Aim of the task. Starting at the line that contains "OINE66 North Dakota License Plate", write out every line through the end of the records below exactly as it appears, and leave out all pictures.

Record excerpts.

::::::::::

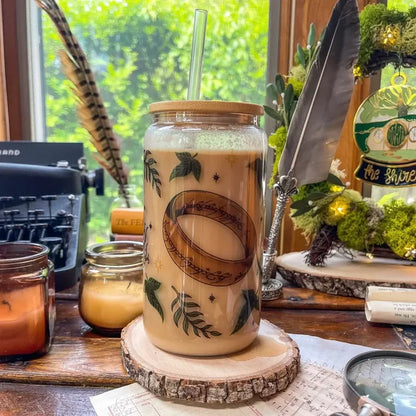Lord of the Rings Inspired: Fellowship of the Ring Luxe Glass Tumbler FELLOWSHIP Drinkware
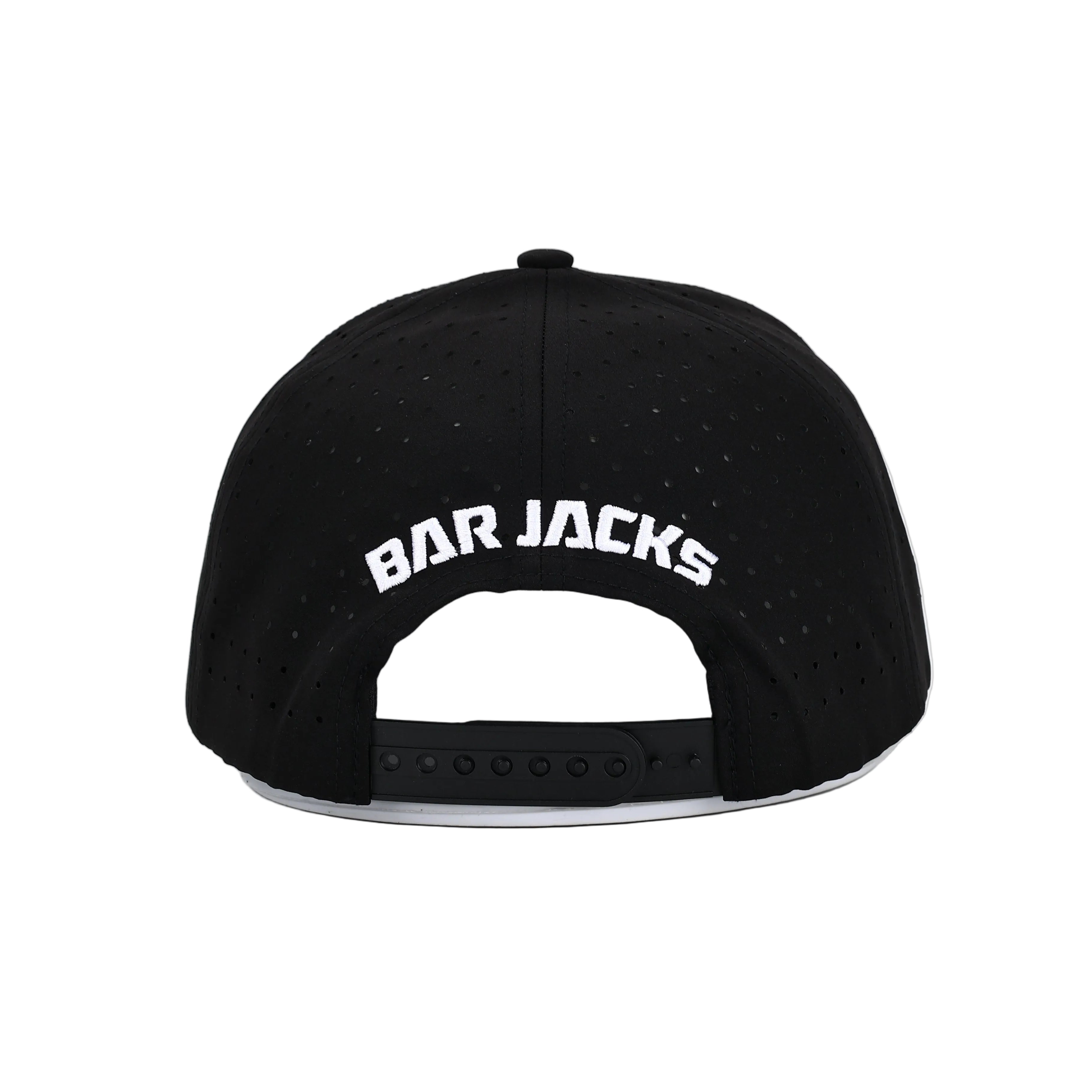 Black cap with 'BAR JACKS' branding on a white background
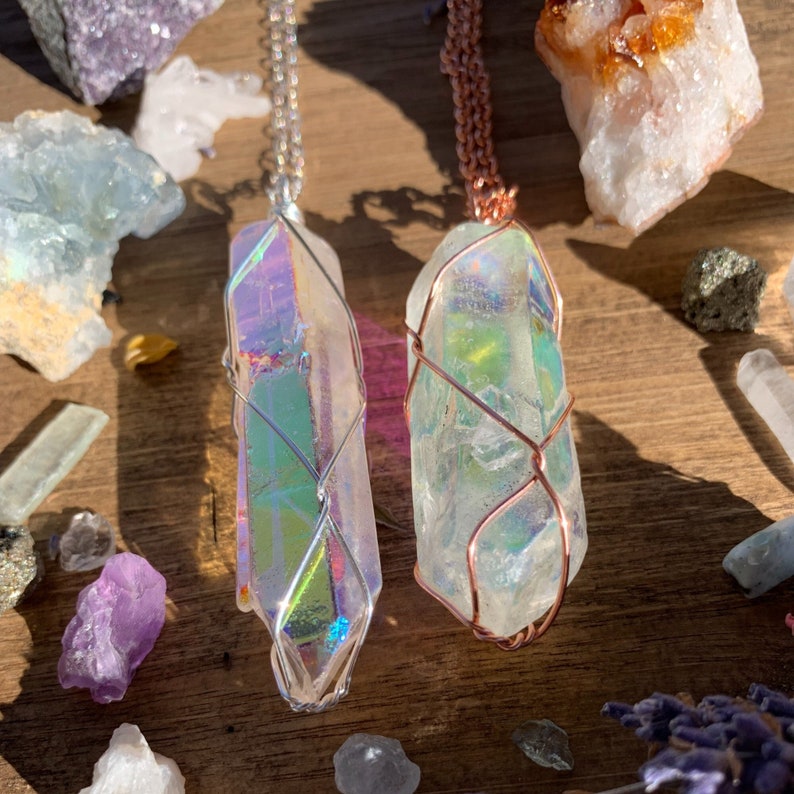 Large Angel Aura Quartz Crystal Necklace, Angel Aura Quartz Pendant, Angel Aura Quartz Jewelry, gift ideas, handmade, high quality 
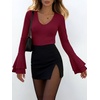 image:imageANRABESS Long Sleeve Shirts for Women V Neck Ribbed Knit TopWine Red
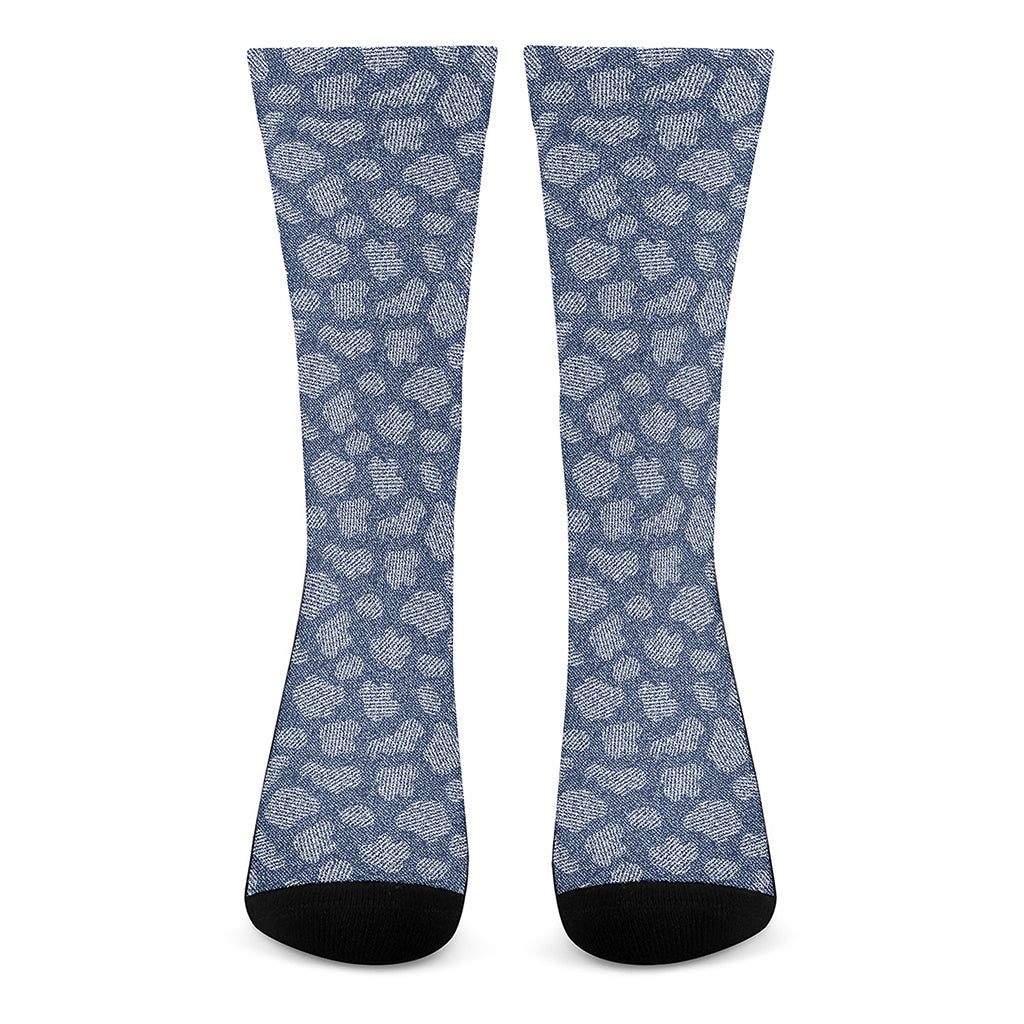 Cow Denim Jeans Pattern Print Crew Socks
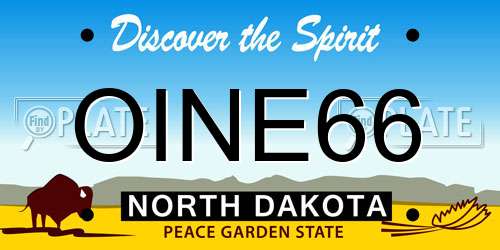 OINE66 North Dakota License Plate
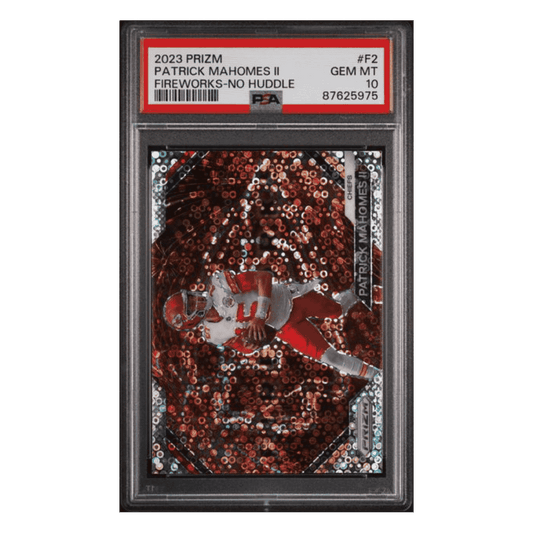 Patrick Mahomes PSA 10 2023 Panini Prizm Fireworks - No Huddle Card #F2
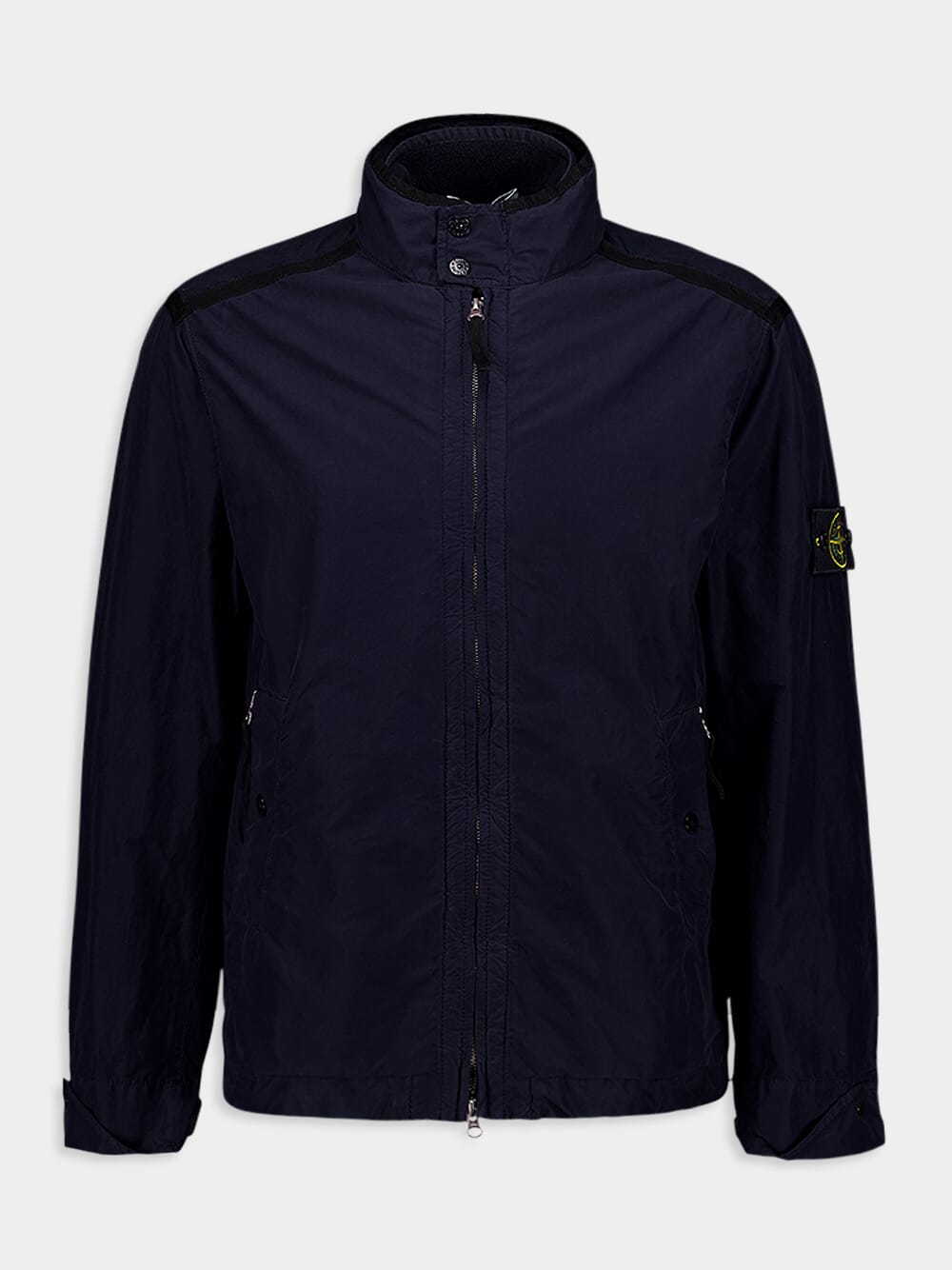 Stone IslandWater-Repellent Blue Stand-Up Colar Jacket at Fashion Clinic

::::::::::

Answer to this task.
 OINE66 North Dakota License Plate
 Patrick Mahomes PSA 10 2023 Panini Prizm Fireworks - No Huddle Card #F2
 Stone IslandWater-Repellent Blue Stand-Up Colar Jacket at Fashion Clinic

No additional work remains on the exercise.